Kristy McNichol is a tough, poor chainsmoking tomboy.  Tatum O'Neal is a prissy rich girl wearing the latest designs.  They're sent off to summer camp by parents who are having problems: McNichol's single mom Blye is man hunting, and O'Neal's parents are on the verge of a divorce.  After the two polar opposites get off on the wrong foot with a fight on the bus, McNichol and O'Neal are egged on by snooty aspiring model Errickson (think Mena Suvari's AMERICAN BEAUTY character) to settle their differences with a contest: as the only two "inexperienced" girls at camp, they will compete to see who loses her virginity first--with everyone else wagering on the outcome.  McNichol sets her sights on Matt Dillon from the neighboring boys' camp, while O'Neal aims older: French-speaking swim coach Armand Assante (30 at the time to O'Neal's 16!).




LITTLE DARLINGS is yet another film at odds with its marketing.  Those of a certain age (I was 11) at the time of LITTLE DARLINGS' release will remember print ads playing up the titillation factor, but the two teenaged stars were already respected Emmy (McNichol, for FAMILY) and Oscar (O'Neal, for PAPER MOON) winners, and the script by Kimi Peck and Dalene Young is ultimately a sensitive coming-of-age drama despite the comedic elements.  There's some profanity, sure, but no F-bombs, and if you blink you'll miss the only glimpse of nudity: males skinny dipping, from Schacter's binocular-aided P.O.V.  Yup, LITTLE DARLINGS is not only a rare summer camp teen drama, it's a chick flick.

The MPAA gave it an "R" but teen boys were hooked by the marketing, teen girls by the word-of-mouth, and LITTLE DARLINGS ended up 20th at the box office for the year 1980, grossing the equivalent of just under $100 million in today's dollars ($34 million in '80 if you're curious).  They just don't make 'em like this any more.
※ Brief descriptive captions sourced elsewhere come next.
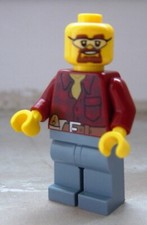 lot divers Lego city  CTY 309 figurine technicien ouvrier chantier set 4204 4200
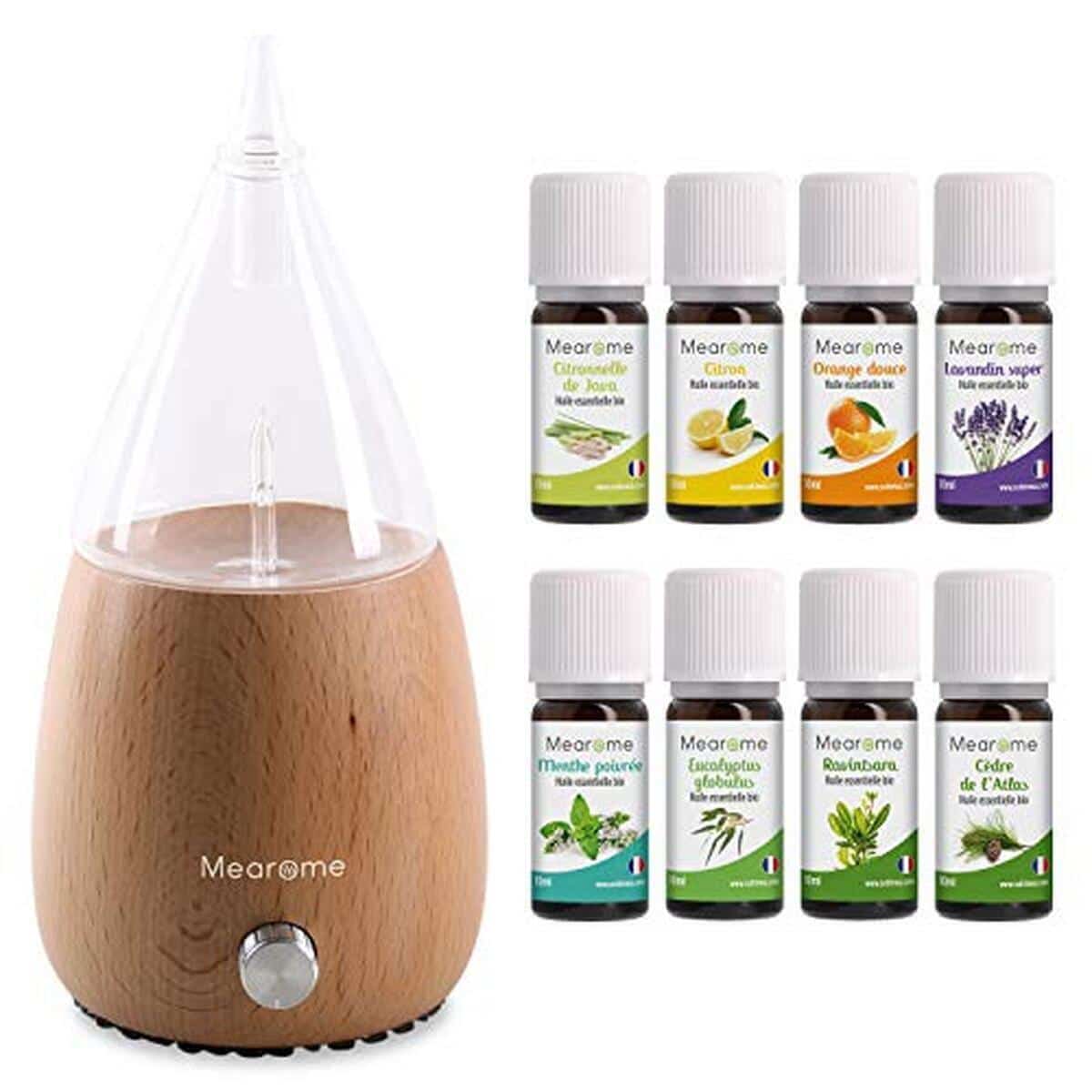 Test du diffuseur nébuliseur Mearome et huiles essentielles bio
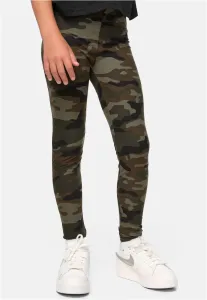 Girls' camouflage leggings, wooden camouflage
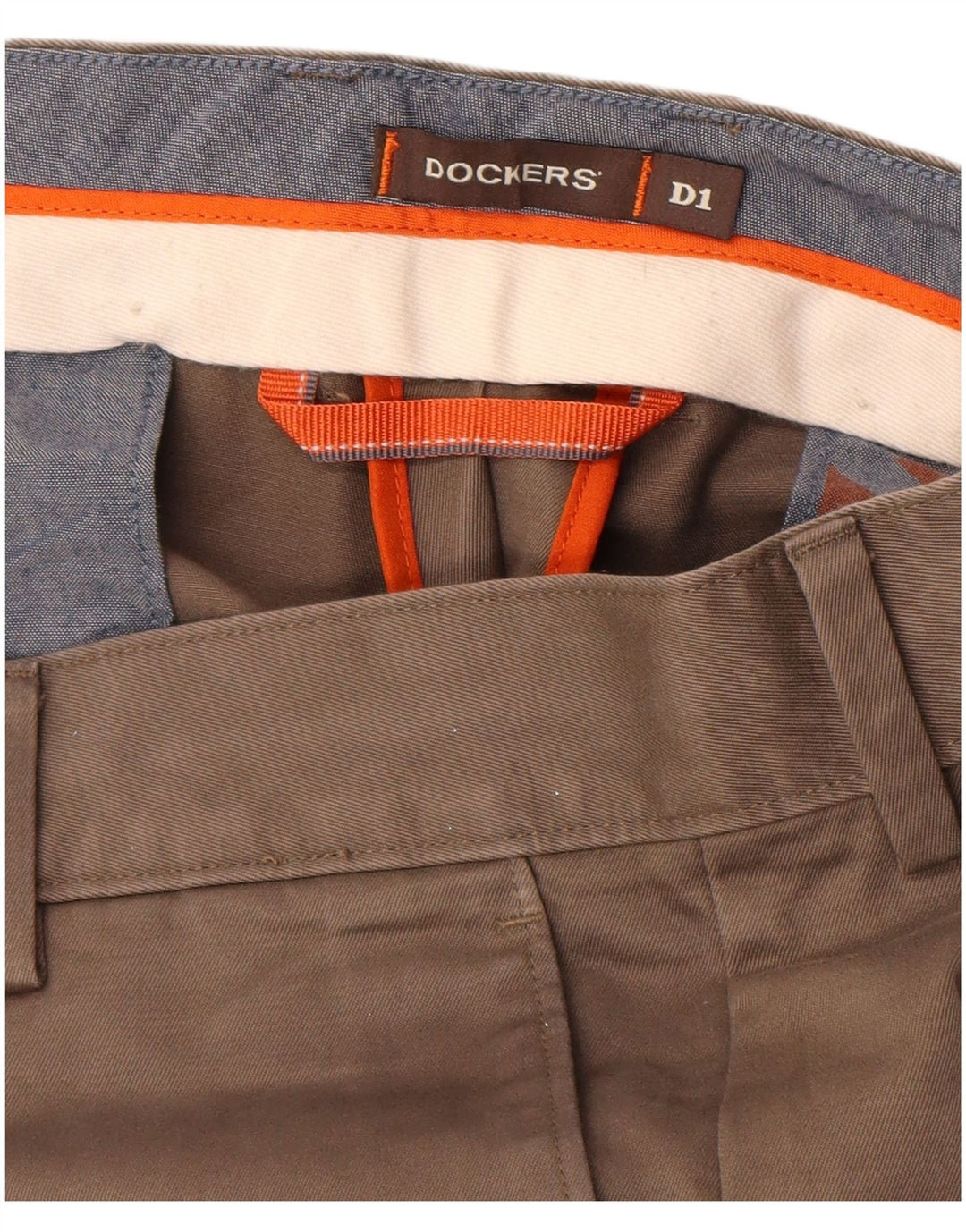 Dockers Mens Straight Chino Trousers W34 L32 Grey Cotton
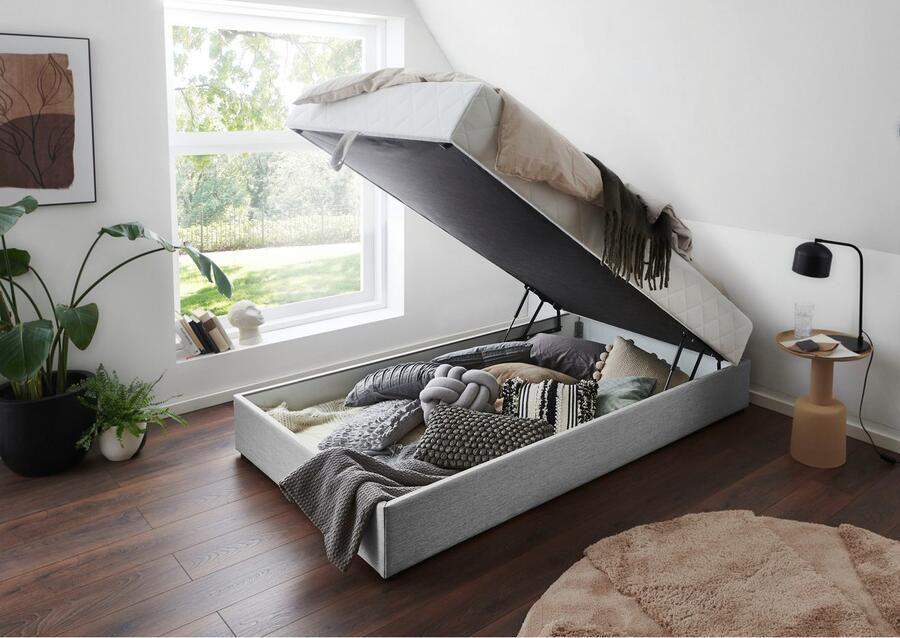 ATLANTIC home collection Boxspring BELINA met pocketveringmatras en ruime bedlade - Foto 9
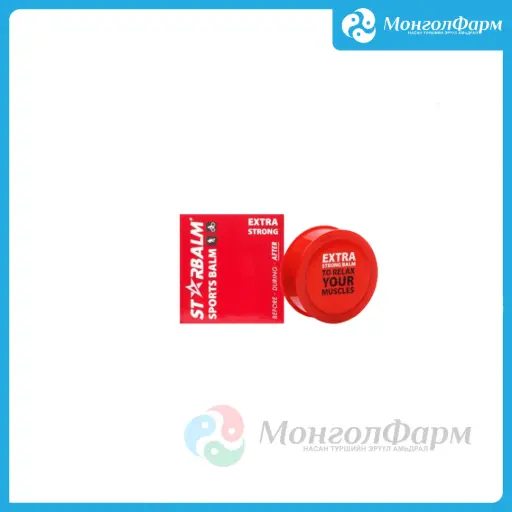 [160298]  STARBALM Sport Balm Red Extra Strong 10g - Novum pharma Singapore PTE. LTD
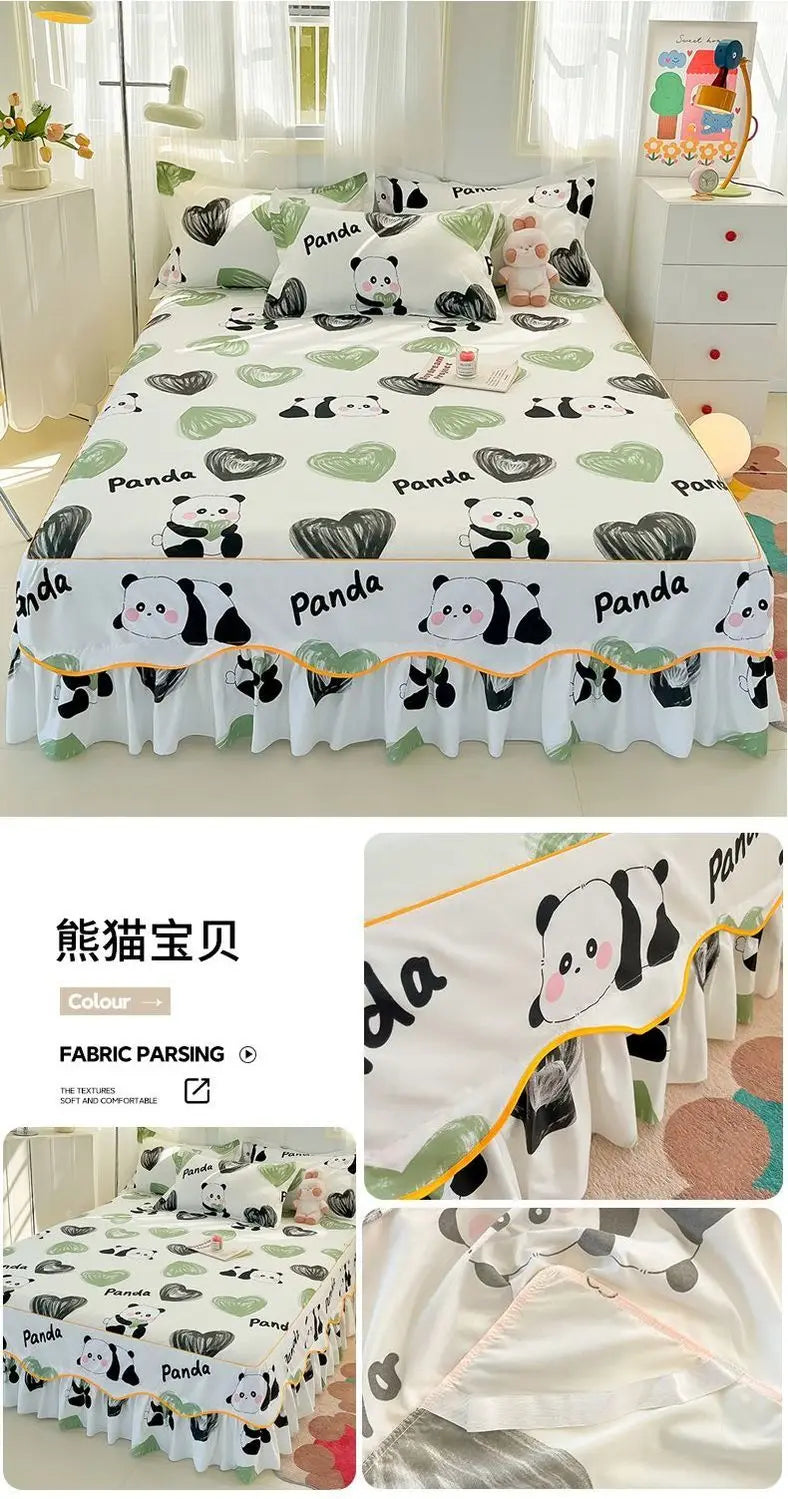 Sheet Set Household with Pillowcase Fashion Modern Water-proof Universal Skin-friendly Single Double Home Textile Bedding Luxury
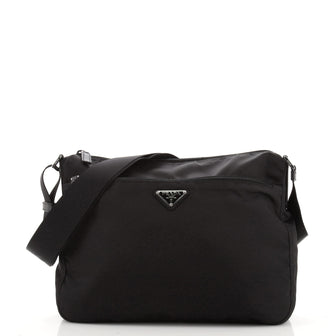 Prada Front Pocket Messenger Bag Tessuto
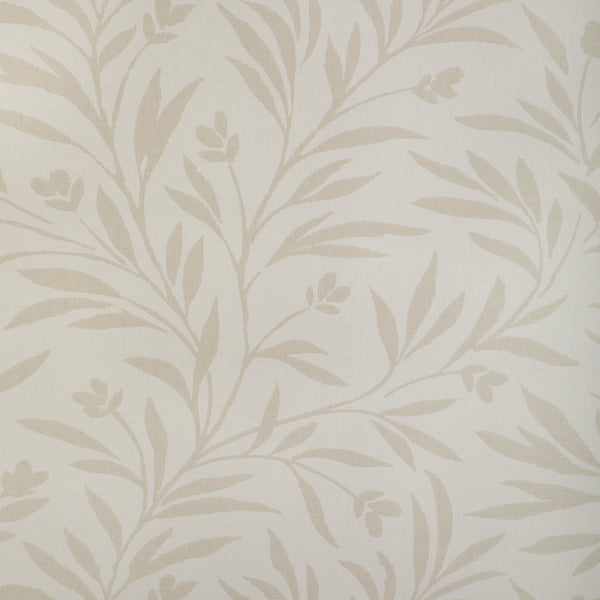 Wispy Vines Wp - Natural Beige | Kravet Couture | Atelier Wallcovering | Botanical & Floral Wallcovering Print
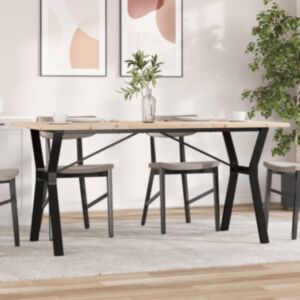 Pood24 söögilaud, Y-raam, 160 x 80 x 75,5 cm, männipuit ja malm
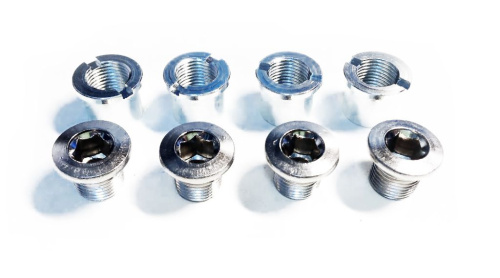 Комплект бонок FSA для стандартных систем MTB на 4 лапки и 2 звезды (серебристый комплект)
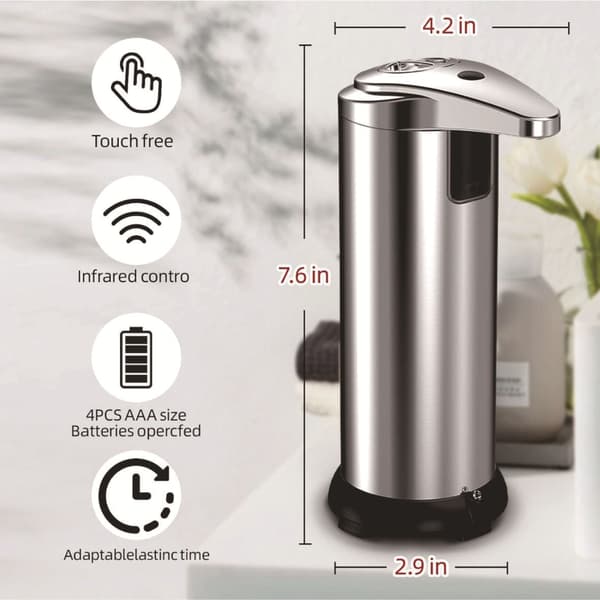 220 ml flydende sæbedispenser, fritstående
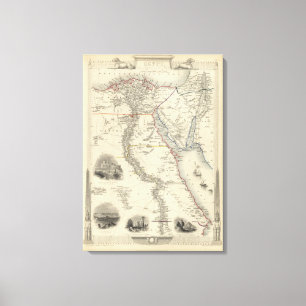 Toile Egypte Et Arabie Petraea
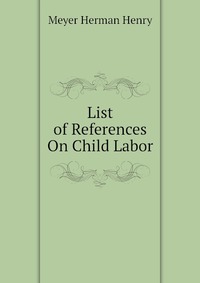 List of References On Child Labor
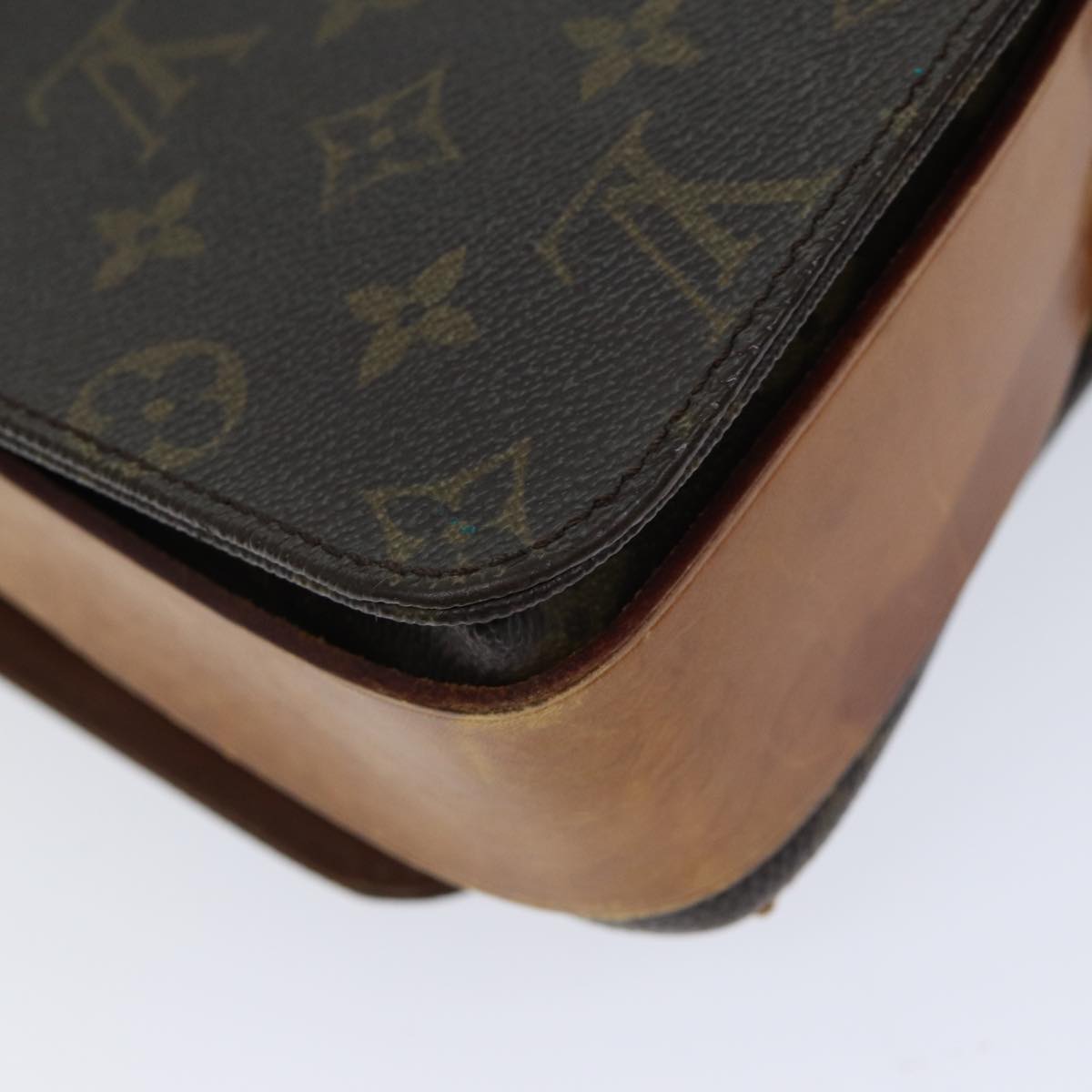 LOUIS VUITTON Monogram Cartouchiere GM Shoulder Bag Vintage M51252 bs13169
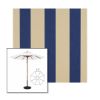 Picture of Mediterranean Canvas Block | 11' Wood Frame Market Umbrella Sunbrella® Awning Fabric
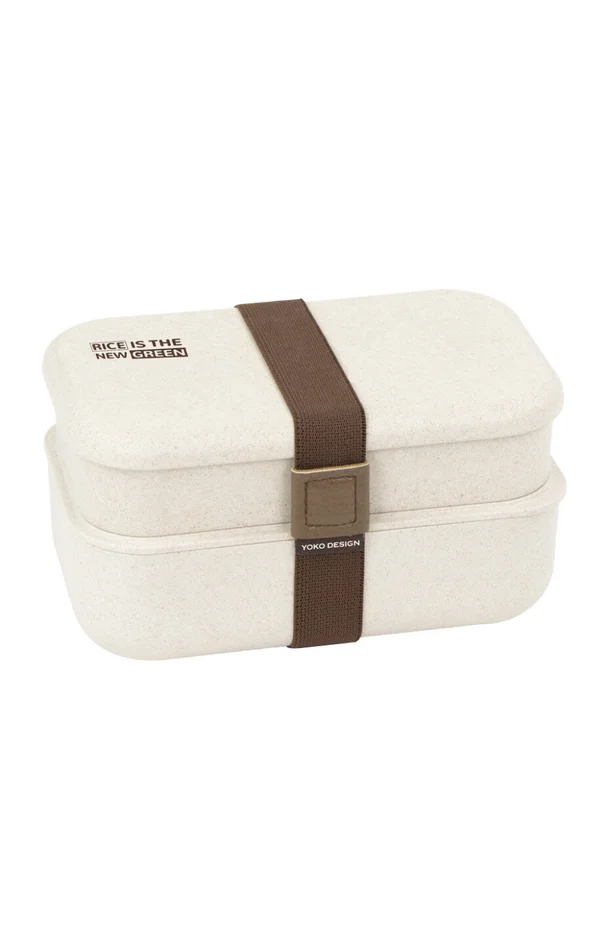 Lunch box en fibres de riz – 2 étages – 1.2 L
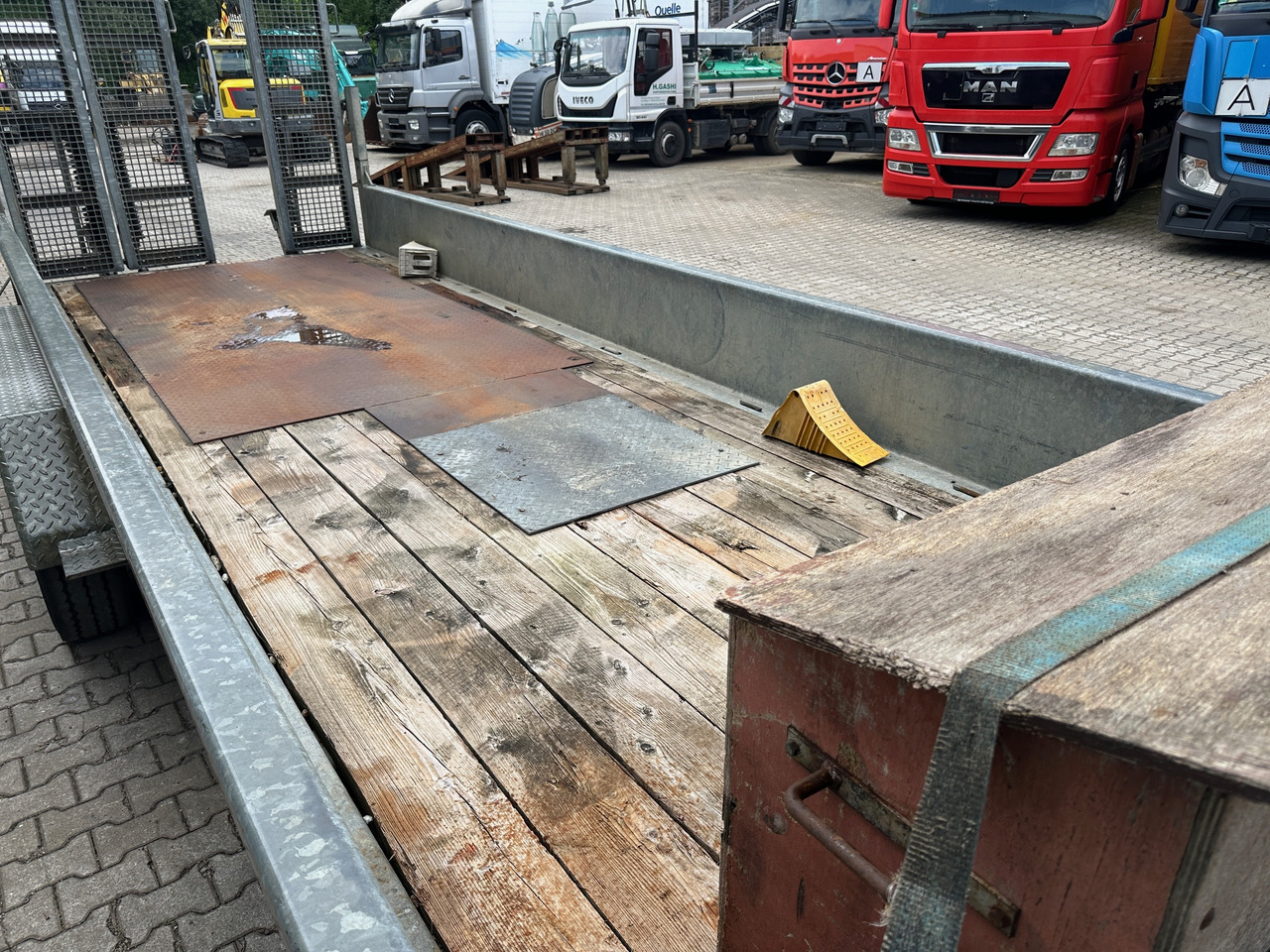 Low loader trailer Demmler Tandem-Tiefladeranhänger Fräsenanhänger: picture 7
In addition to the central plot, there's underage drinking/smoking and perhaps the biggest eyebrow raiser today: the aphrodisiacs and other questionable pills/potions passed out by Nixon's tween hippie chick.

McNichol is the standout but the teen cast is uniformly strong, with future stars Nixon and Dillon already showing considerable chops.  Peck and Young help out with credible dialogue.  Their script is far from perfect: the resolution of the O'Neal-Assante situation (potentially very sticky) is glossed over too quickly and the food fight seems forced, as if they were trying to "punch up" a script deemed too serious.  Overall, though, LITTLE DARLINGS is a solid drama from a perspective too seldom seen in the summer camp subgenre, and given its popularity its absence from DVD is particularly puzzling.  Maxwell directed McNichol again in 1981's THE NIGHT THE LIGHTS WENT OUT IN GEORGIA.  O'Neal went on to another May-December romance in her next film, the disastrous CIRCLE OF TWO, with 54 year old(!) Richard Burton.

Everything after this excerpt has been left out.